The biggest problem facing humanity today is poverty, and the biggest problem faced by the poor is housing. Rent or mortgage payments are easily the single biggest expense anyone has to bear, and that cost is crippling the poor.

I found it so frustrating that a solution to poverty was so close, with most of the necessary resources available for free, only to be denied at the final hurdle: the seemingly impossible dream of land ownership. This dream is indeed impossible for individuals with almost no money, however pooling the resources of a large community makes the purchase of land a far more viable proposition, and the subsequent construction of housing much easier too.

It also occurred to me that the idea of "community" need not be restricted to a local area, given the power of the internet.
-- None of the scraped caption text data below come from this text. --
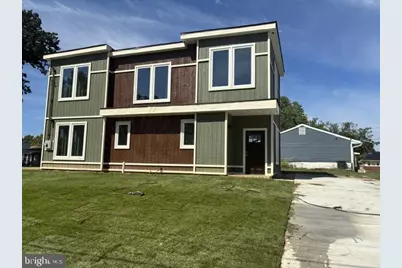 43 E Hodges Avenue, Lawnside, NJ 08045 - Photo 30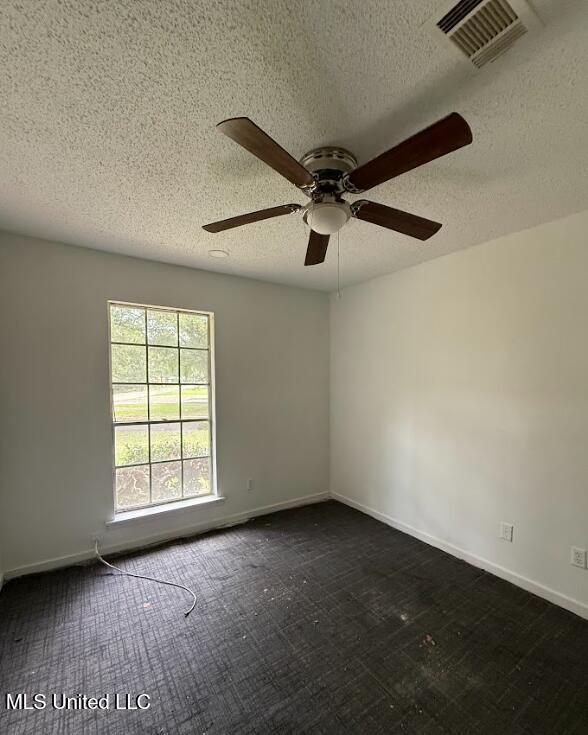 607 Spryfield Road Jackson, MS 39212 - Photo 5 of 8 spryfield bdrm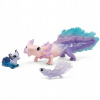 Schleich Bayala 42628 Objaviteľská Súprava Axolotl Schleich Bayala 42628 Objaviteľská Súprava Axolotl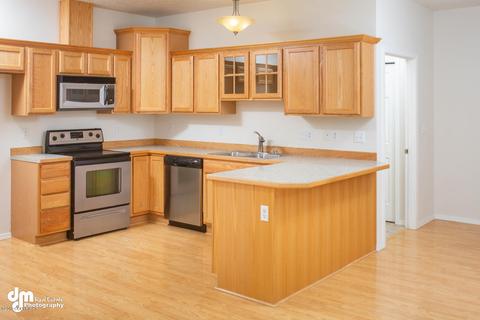 16729 Eleonora St, Eagle River, AK 99577 photo 7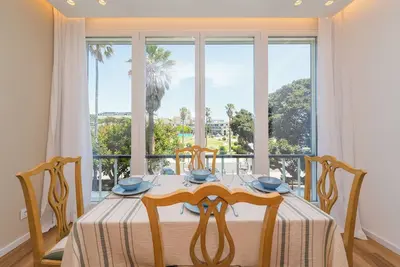 Image de Estoril Palace - A chic getaway!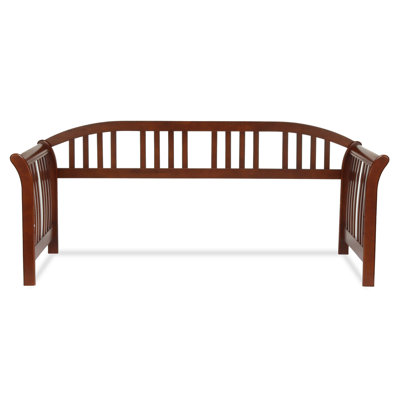 Salem Solid Wood Daybed
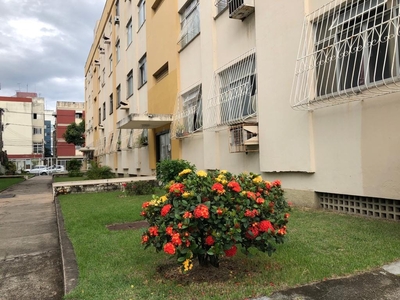 Apartamento em Jardim da Penha, Vitória/ES de 70m² 3 quartos para locação R$ 1.750,00/mes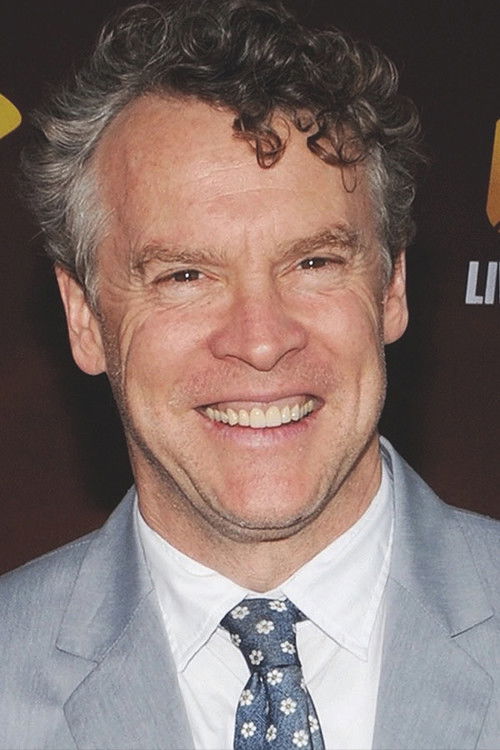 Tate Donovan portrait
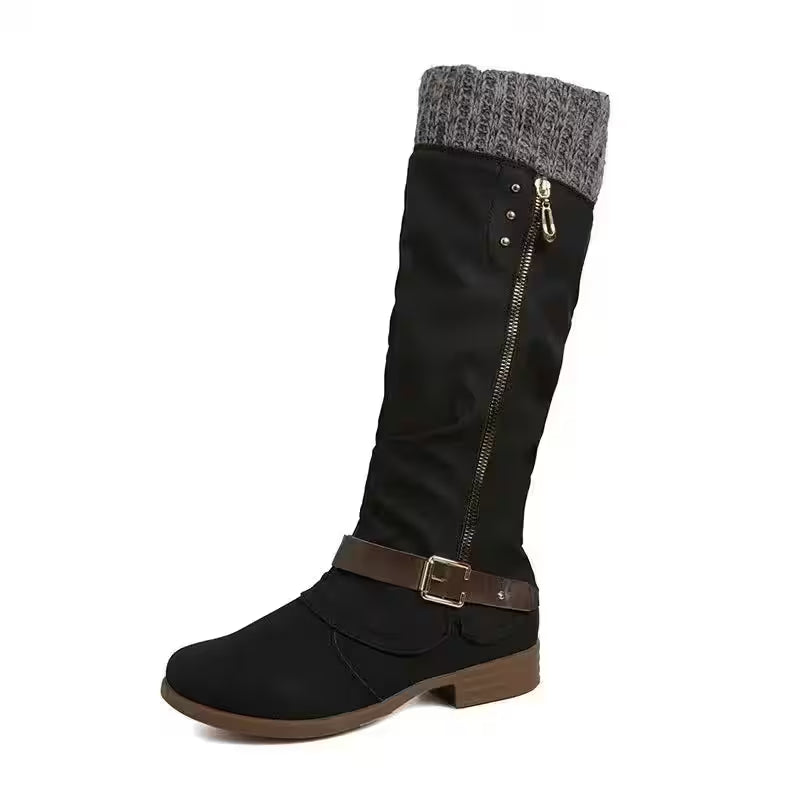 Boots Casual - Additional View 9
Why not form a global community of stakeholders in an initiative to buy land and build affordable housing, in fact a series of wholly self-contained ecosystems that both house and feed entire communities, in which any of the stakeholders could live, forever if they wish, for no more than a small donation to help buy the land, and the willingness to work as part of those communities?

Such initiatives are not new, aid workers have been doing this for decades, indeed centuries, but until now it's largely been reserved for the Third World. In this bleak era of austerity, it's time to face the harsh reality that these sorts of initiatives are now desperately needed in the former First World too, a world that is now functionally indistinguishable from the Third World, at least for the increasingly poor majority.

For those who might recoil in horror at the prospect of living like a sort of Amish settler, devoid of the trappings of modern life, consider the fact that most of the poor in western nations live like animals in a zoo, in fact worse, because at least zoos feed their animals. There are people living right here in the west who don't even have enough money to keep their electricity meter running, who sit in the dark, cold and hungry, with no one to talk to and nothing to do, who don't even have any furniture because it was repossessed by debt collectors. Many of these people are not even unemployed, but their pitiful wages are so low that they would probably be better off if they were, because at least then they'd be entitled to financial support from the government, albeit an equally pitiful payment that's still barely enough to survive on.

How could that possibly be worse than living off the land, in a community of friends eager to help you, with access to all the modern technology you could ever need, indeed far more than you have access to now, because right now you have nothing?

If that isn't you (and if you're reading this then the chances are that it isn't) then congratulations, you are part of a tiny privileged minority and probably don't need any help. Then again, maybe you do, if you're unemployed and reading this from a public terminal in your local library.

If the entire world's population of poor cooperated in such an initiative, it would comprise a community of six billion people, and every one of those people would have a far better life than they have now. Poverty would come to an end, and with it Capitalism, because Capitalism cannot survive if its cattle walk off the farm.